Me estrujé las manos y hubiera querido mesarme los pelos. ¡Maravilloso! ¿Cuánto nos pagan por decir la verdad, por ser solidarios, cuánto por nuestro voto? Todo era una sencilla transacción, ponga usted un precio y ya veremos después. Estaba cercana a desesperarme. Garzón me hizo un gesto con la cabeza para que le dejara intervenir.
—También pudiera ser que al violador se le hinchen las narices y decida volver a ajustaras las cuentas a cualquiera de las tres.
Lo miraron como si estuviera loco. Era inútil, toda tentativa estaba destinada al fracaso, iban pertrechadas como el mejor espía inglés para una misión en Moscú. Las habían alertado sobre cualquier táctica que pudiéramos emplear para convencerlas, incluido el temor. Aquella periodista trabajaba a conciencia. Además, tenían sus treinta monedas, y si Judas se entrega a sí mismo ¿puede hablarse de traición? Las dejamos marchar.
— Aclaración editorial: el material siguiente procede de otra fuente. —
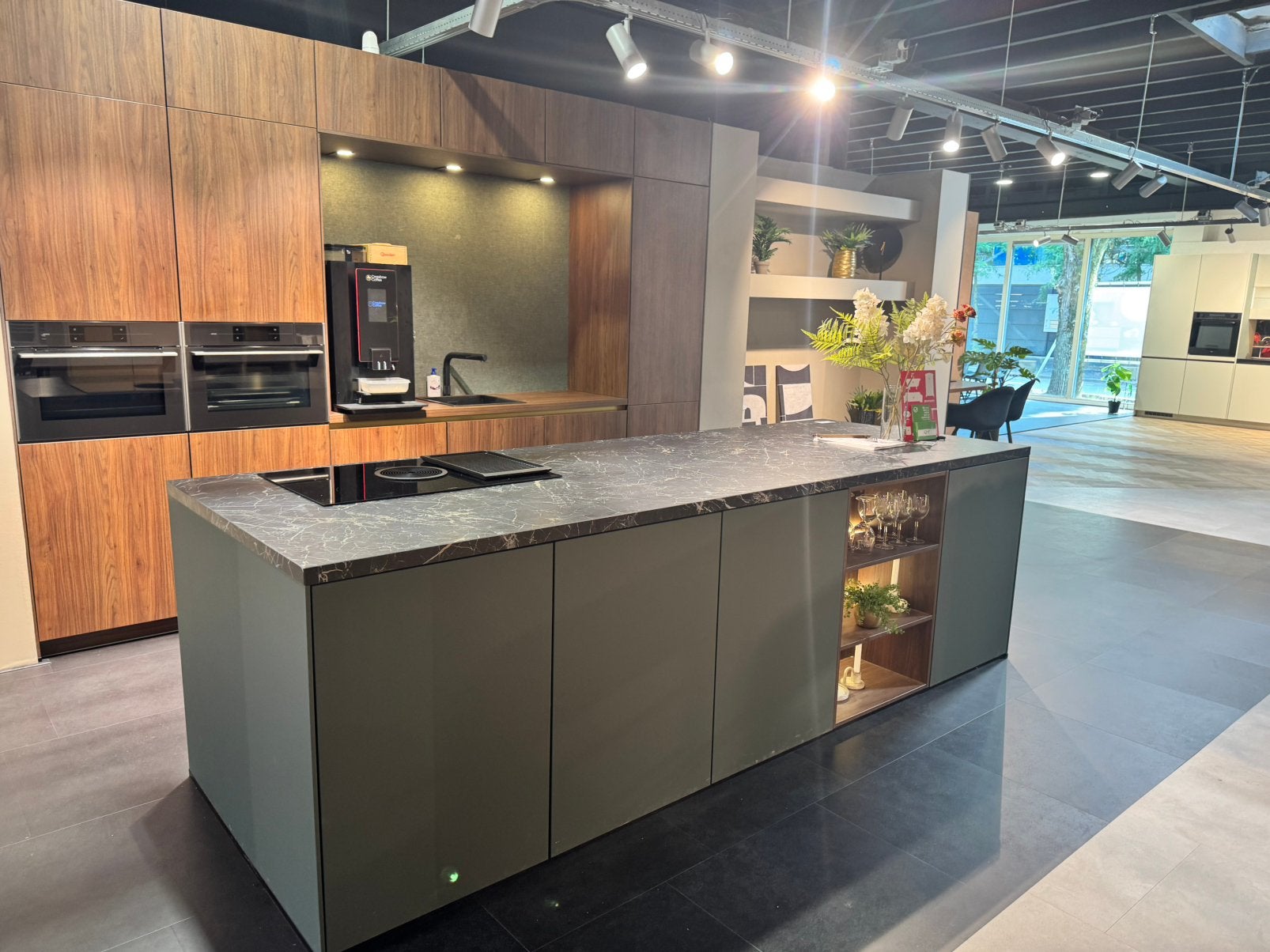 Luxe showroom keuken, Ophalen, Zo goed als nieuw, Overige materialen, Overige typen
Fuimos a casa de Salomé y la cosa resultó aún más explosiva. Su madre estaba delante, y cuando supo que queríamos interrogarla pidió permiso en su trabajo para estar presente. Nos interrumpía cada dos por tres, estaba furiosa. La participación en aquel programa era una denuncia y un bien social, eso dijo. Salomé no abría la boca. En aquellos momentos odiaba tanto a su madre como podía odiarme a mí, o al violador. La concentración de odio en sus ojos era tan intensa que me asusté. Comprendí que iría a televisión cuantas veces le indicaran, adormecida como una zombi en su voluntad, sólo con aquel testimonio de vida en los ojos, odio puro, aplacado a ratos, otros en plena erupción.
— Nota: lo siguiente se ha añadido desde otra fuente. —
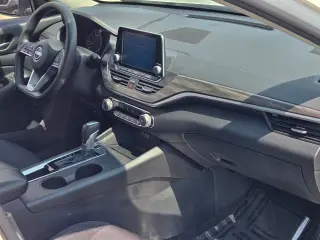 Nissan Altima 2025 2.5 SV 4dr Sedán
Salimos a la calle. El barrio estaba animado a aquella hora. Cerraban los talleres, las tiendas permanecían abiertas un rato más. Pequeños bares miserables, estrechos, con dos o tres parroquianos sentados en la barra, hablando todos a la vez. Niños con chándal. Mujeres con prisa.
—¿Le apetece una cerveza?
Entramos en una tasca gallega. Me senté sobre un taburete como si se tratara del más cómodo sillón, desanimada, cercana al derrumbe moral. Todo me parecía evidente ahora, una violación era un caso que debía ser olvidado o al que podía sacársele alguna rentabilidad. No obtendríamos la más mínima cooperación por parte de las víctimas. Aquel sería siempre un asunto de familia y la violada era su punto más débil, aquel por el que podía extenderse la mancha en el nombre. Había pues que neutralizarla, impedir que hablara o hacerle recitar un guión gracias al cual era aún posible cierto provecho de tipo material. Todo iba a ser más duro de lo que imaginé, las implicaciones se pegaban a los dedos como telarañas recientes. ¿A quién le interesaba realmente atrapar al violador? Mi compañero sorbía Ribeiro, ajeno a mi marasmo. Le pregunté:
—¿Cree de verdad que a alguna de esas chicas pueden volver a atacarlas?
—No es probable.
—¿Ha visto cómo los padres asumen el protagonismo?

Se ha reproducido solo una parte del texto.